= Pop Physique =

Fitness franchise

Pop Physique is an international barre fitness franchise founded by Jennifer and Deric Williams in 2008. The franchise was founded in Los Angeles, but eventually expanded to other major American cities such as San Francisco and New York, and to Canada.

== History ==

Pop Physique was founded in Silver Lake in 2008 by Jennifer Williams, a former ballerina with her husband Deric. Williams had previously taught pilates before starting Pop Physique with her husband who was a brand developer. The franchise specializes in high-intensity, dance based workouts. Jennifer Williams stated that its fitness regimen was inspired by ballet techniques, and it was compared to the "Lotte Berk" method of dance-based workouts. Pop Physique subsequently opened locations in San Francisco, and announced plans for its first New York City location in September 2015, with plans to operate 22 locations by the end of the year. By 2016, the franchise had over 19 locations in major metropolitan areas of states like California, New York, Maryland, and Florida. It later expanded to Canada under the name "Pop Physique Toronto", opening their first Canadian location in 2017 at Yonge and St. Clair in Deer Park, Toronto.

== Image and branding ==
The franchise attempted to define itself from similar franchises which offered "barre" classes by cultivating a "sexy" and modern atmosphere, and its first ad campaign paid homage to the 1973 exercise book Awake! Aware! Alive! by Lydia Bach. In 2015, roughly 97% of its clientele were women, with most being between the age of 25 and 45. Harper's Bazaar described the ambiance as a "cheeky '80s Day-Glo aesthetic, thanks to neon signs and fishnet wallpaper". Pop Physique opened locations in traditionally bohemian neighbourhoods or major urban cities. The studios played popular music from genres such as indie, pop, hip hop, and EDM, and unlike many dance fitness centres, it did not censor explicit songs.
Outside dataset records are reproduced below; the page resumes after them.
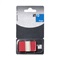 INDEX FLAGS ROOD - Ft. 25 x 43 mm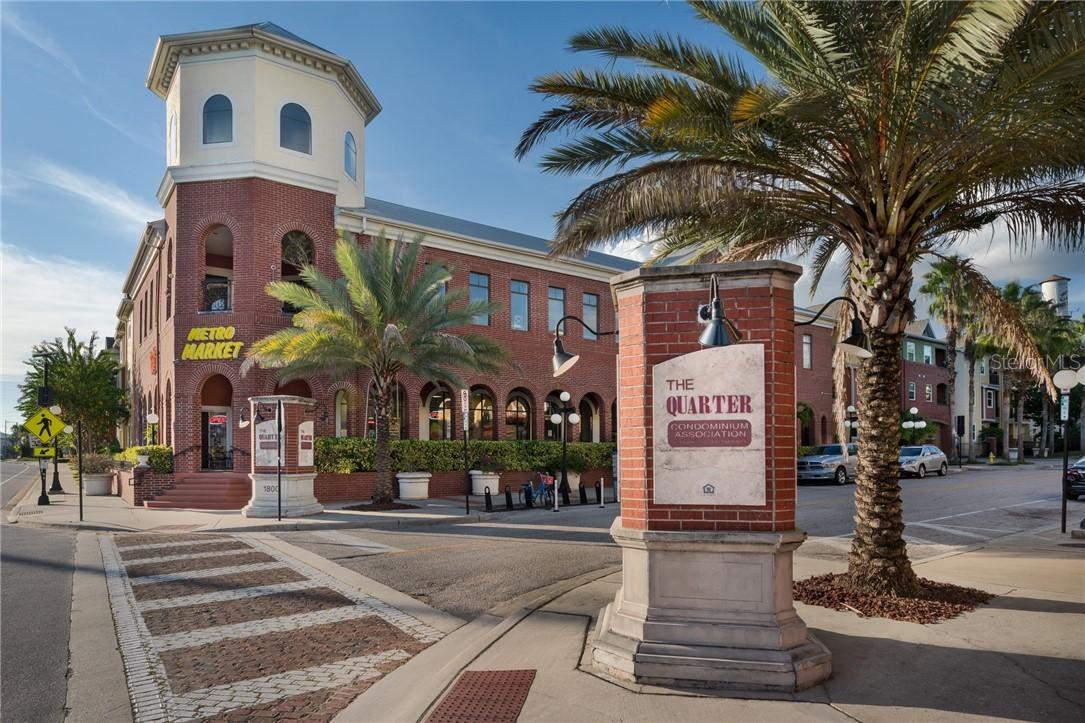 1910 E Palm Ave. #10203, Tampa, FL 33605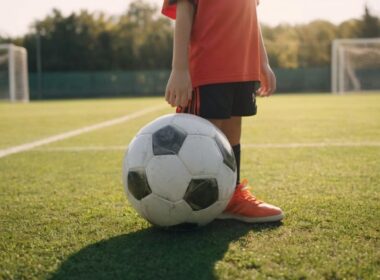 Jak motywować dziecko do sportu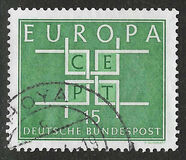 [EUROPA Stamps, タイプ HY]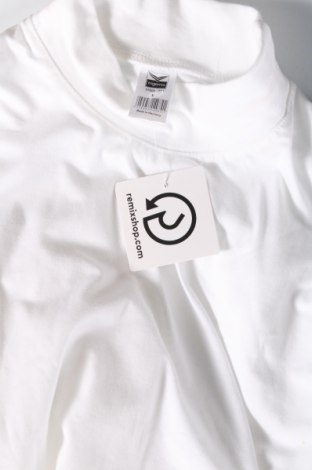 Мъжка блуза Trigema, Размер L, Цвят Бял, Цена 89,76 лв.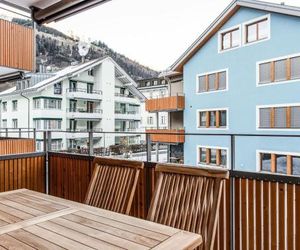 Apartment TITLIS Resort Wohnung 303 Engelberg Switzerland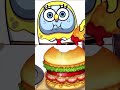 Yummy food burgers, fried chicken, french fries mukbang | asmr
Pop Physique's marketing campaign focused on cultivating a strong social media presence, as well as word-of-mouth and billboard advertisement. Instagram was particularly important to its brand identity and marketing strategy, and the studios included branded "Pop your selfie" mirrors. The franchise's advertisement used suggestive slogans such as "Nice Butt", and its merchandise similarly capitalized on the brand's sex appeal with slogans such as "Barre whore". Pop Physique was the first barre studio franchise to launch its own line of branded activewear. The franchise later sought to replace its video service with online subscription streaming service.

The franchise received considerable media attention for its celebrity clientele and its association with athleisure and hipster subculture, and was featured by publications such as Harper's Bazaar, People, Huffington Post, and the Los Angeles Times.

== Controversies and location closures ==
On November 30, 2018 Pop Physique was sued by the landlord of its studio in Russian Hill, San Francisco, who alleged that the owners had failed to pay the rent for the studio location they were leasing from him. The lawsuit claimed over $400,000 in debt, and additional payment for damages. The franchise began closing many of its locations in December 2018, often with no prior announcement. By May 2019, only four locations remained open. In April 2019, the franchise shut down its Toronto location.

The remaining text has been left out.